» Exercise prompt
Everything before the line containing "28/04/2020 12:06 PM" stays out; print that line and all lines below it through the last, exactly.

» Data
Content starts
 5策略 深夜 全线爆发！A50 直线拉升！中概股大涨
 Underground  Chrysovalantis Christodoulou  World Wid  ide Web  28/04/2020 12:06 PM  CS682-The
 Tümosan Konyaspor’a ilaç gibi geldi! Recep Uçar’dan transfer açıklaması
Content ends
» Exercise result
 Underground  Chrysovalantis Christodoulou  World Wid  ide Web  28/04/2020 12:06 PM  CS682-The
 Tümosan Konyaspor’a ilaç gibi geldi! Recep Uçar’dan transfer açıklaması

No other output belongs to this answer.